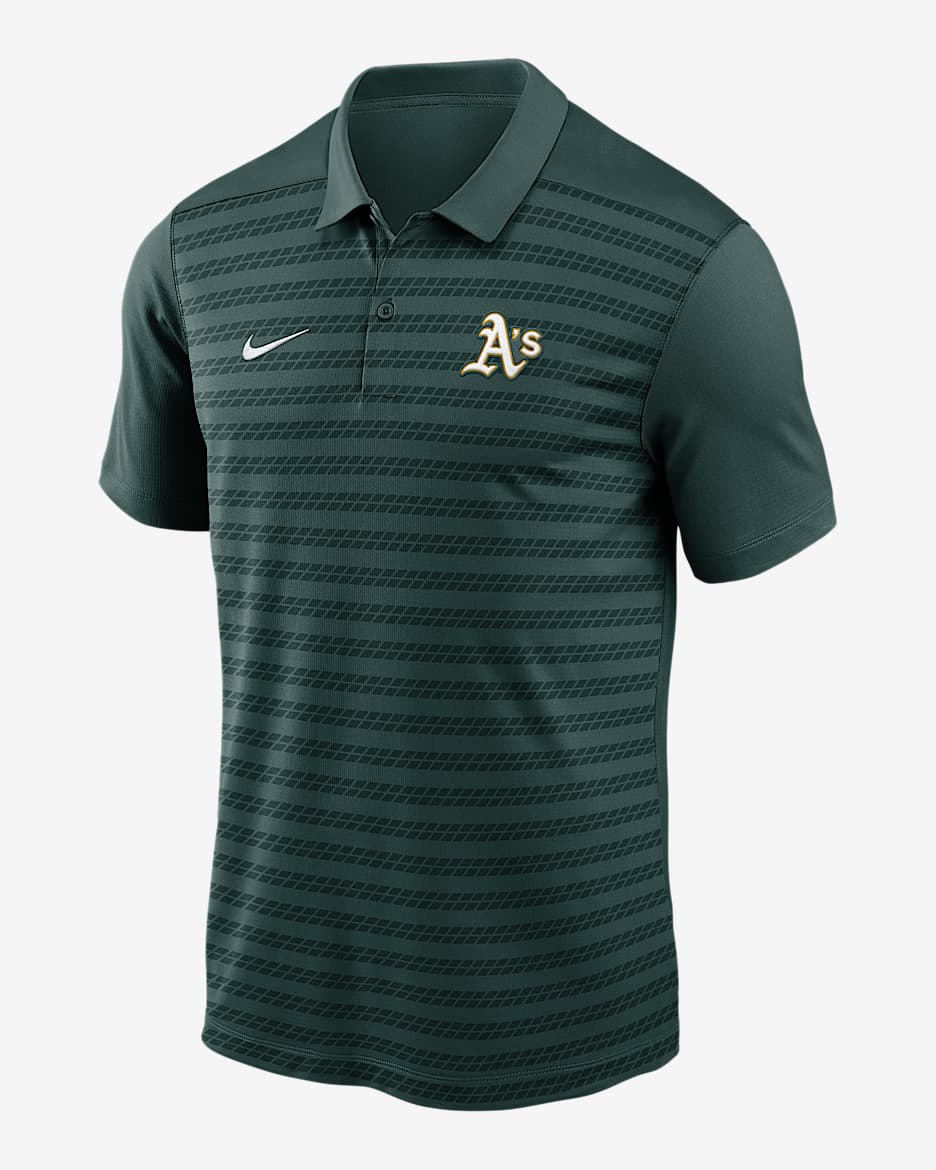 Polo Nike Dri-FIT de la MLB para hombre Athletics Authentic Collection Victory - Verde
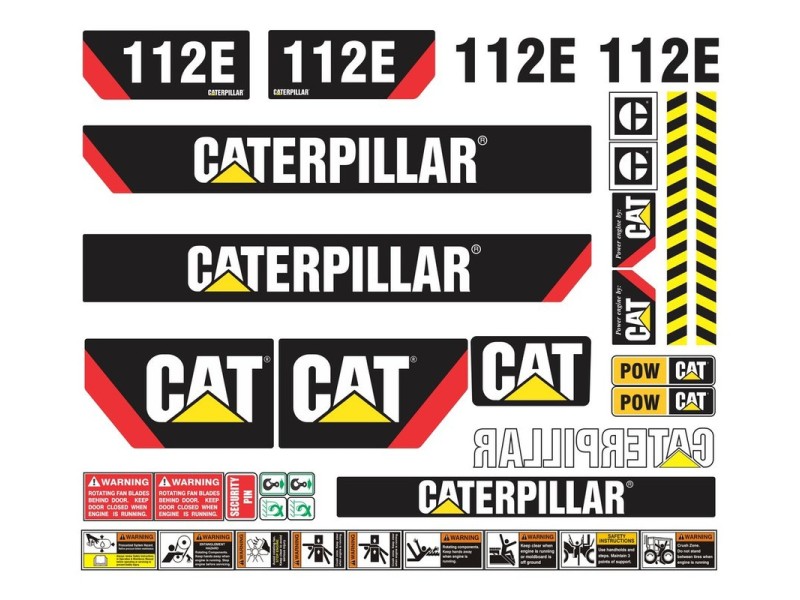 CATERPILLAR 112E MODERNA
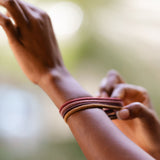 brunette brown organic cotton hair elastics 
#color_warm-earth-4-pack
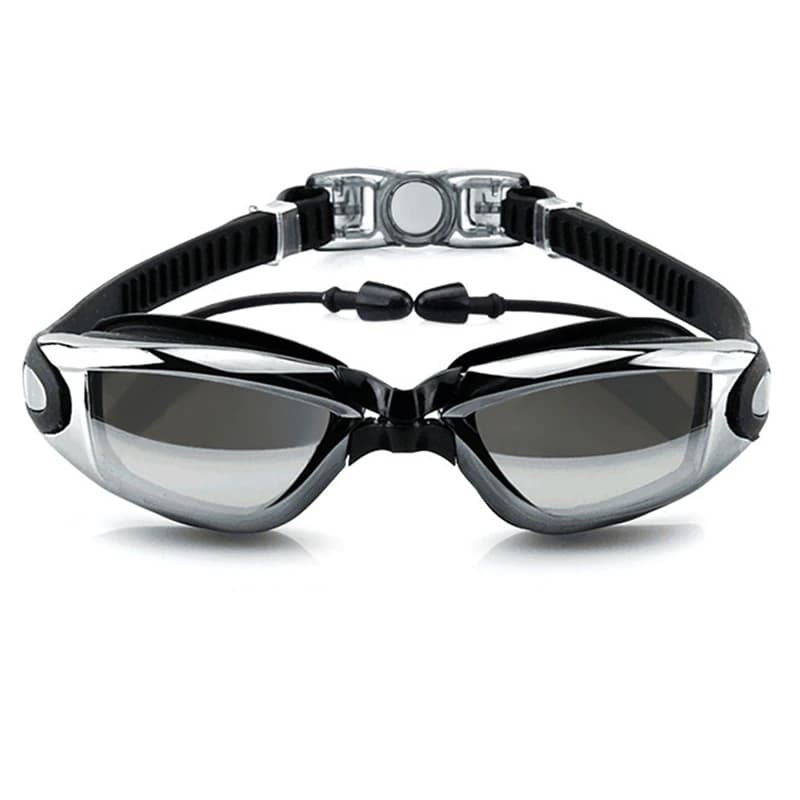 Lunettes de natation professionnelles électroplaquées étanches silicone adultes compétition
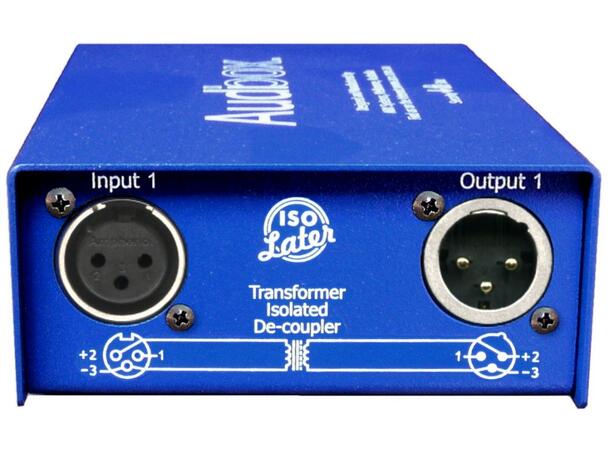 ARX IsoLater Skilletrafo 1 kanal, XLR inn/ut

※

_WHAT IS NEEDED:_
Repeat the records in full and exactly, leaving every picture out.

_WORKED SOLUTION:_
 Polo Nike Dri-FIT de la MLB para hombre Athletics Authentic Collection Victory - Verde
 CATERPILLAR 112E MODERNA
 brunette brown organic cotton hair elastics 
#color_warm-earth-4-pack
 Lunettes de natation professionnelles électroplaquées étanches silicone adultes compétition
 ARX IsoLater Skilletrafo 1 kanal, XLR inn/ut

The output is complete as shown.